O revés sofrido pela OAB-RO nos anos 1970 implicava a defesa da ética e das prerrogativas da classe. A violência atingia advogados militantes com atuação correta, porém, ameaçados de morte. “Eu mesmo só fiquei na região, porque não tinha medo de morrer”, declarava em 1979 o advogado pioneiro Alfredo Zuquim Neto, em Ji-Paraná, personagem frequente nos discursos do então deputado Jerônimo Santana (MDB) na Câmara dos Deputados.
Zuquim trabalhou desde a antiga Vila Rondônia, palco de conflitos sociais.

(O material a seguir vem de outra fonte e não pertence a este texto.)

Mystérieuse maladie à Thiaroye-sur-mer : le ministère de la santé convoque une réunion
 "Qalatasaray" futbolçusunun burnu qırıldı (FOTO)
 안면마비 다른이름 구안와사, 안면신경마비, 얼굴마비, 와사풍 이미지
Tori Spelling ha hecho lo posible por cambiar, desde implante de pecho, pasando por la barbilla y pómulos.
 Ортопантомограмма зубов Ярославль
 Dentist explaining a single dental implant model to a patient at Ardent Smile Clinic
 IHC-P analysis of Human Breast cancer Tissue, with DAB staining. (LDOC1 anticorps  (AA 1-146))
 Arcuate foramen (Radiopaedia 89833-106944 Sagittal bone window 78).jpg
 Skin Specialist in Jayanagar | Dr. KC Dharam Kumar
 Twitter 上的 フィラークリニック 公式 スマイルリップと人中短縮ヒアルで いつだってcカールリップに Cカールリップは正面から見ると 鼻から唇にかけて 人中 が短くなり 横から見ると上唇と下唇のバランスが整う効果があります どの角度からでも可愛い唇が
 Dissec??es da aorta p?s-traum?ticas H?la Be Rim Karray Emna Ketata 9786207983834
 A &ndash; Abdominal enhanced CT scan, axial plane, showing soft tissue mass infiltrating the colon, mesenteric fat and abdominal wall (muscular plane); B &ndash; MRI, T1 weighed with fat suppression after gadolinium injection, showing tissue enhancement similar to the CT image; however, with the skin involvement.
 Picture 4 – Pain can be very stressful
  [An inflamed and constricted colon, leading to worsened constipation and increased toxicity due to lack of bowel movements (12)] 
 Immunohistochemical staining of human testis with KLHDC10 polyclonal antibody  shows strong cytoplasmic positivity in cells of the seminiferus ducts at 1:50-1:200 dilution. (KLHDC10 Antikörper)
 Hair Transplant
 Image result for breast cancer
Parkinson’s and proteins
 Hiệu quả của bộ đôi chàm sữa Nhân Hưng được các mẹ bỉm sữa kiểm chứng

Ele foi um dos usuários de carro e de ônibus nos anos 1970, quando viajava até Cacoal e Vilhena para atender seus clientes. “Era uma tortura: tinha muita lama no inverno amazônico e poeira no verão” – ele relatava. “Pior mesmo era a viagem a Porto Velho, que podia durar dias e, às vezes, o juiz não estava!” – acrescentava o advogado.
Percebendo momentos tanto quanto desagradáveis e vislumbrando o futuro da classe, o advogado José de Abreu Bianco iniciou um movimento para criar a Associação dos Advogados de Ji-Paraná. Rapidamente, a entidade surgiu carregando o pesado fardo das queixas interioranas contra um território pobre em justiça.
Na divisa com o Estado de Mato Grosso nasceria outra entidade semelhante na cidade de Vilhena. Seu fundador foi o advogado Urano Freire de Moraes, igualmente notável nas exaustivas pelejas que aguardavam resultados positivos para atender ao menos aos escritórios de advocacia.
Melhorando a satisfação à clientela e a si próprios, advogados de Ji-Paraná e Vilhena postularam em seguida as subseções da OAB.
Por um período, José Bianco, futuro governador do estado, prestou serviços à Colonizadora Calama, cujo dono, o empresário paranaense João dos Santos Filho, fora morto a tiros por um pistoleiro durante a festa de São João em 1980.
As subseções da OAB contribuiriam para agilizar a tramitação de processos oriundos dos municípios da região de Ji-Paraná e outras circunvizinhas e atendidas por advogados em Cacoal, Pimenta Bueno e Vilhena. Em 1981 começaram a ser instalados os Tribunais do Júri.
Se existissem entre o final dos anos 1960 e início da década de 1970, certamente elas entrariam de cabeça nos conflitos fundiários de grande gravidade; fariam investigações dos tentáculos do narcotráfico; e zelariam pela integridade da mulher muito antes do advento da Lei Maria da Penha.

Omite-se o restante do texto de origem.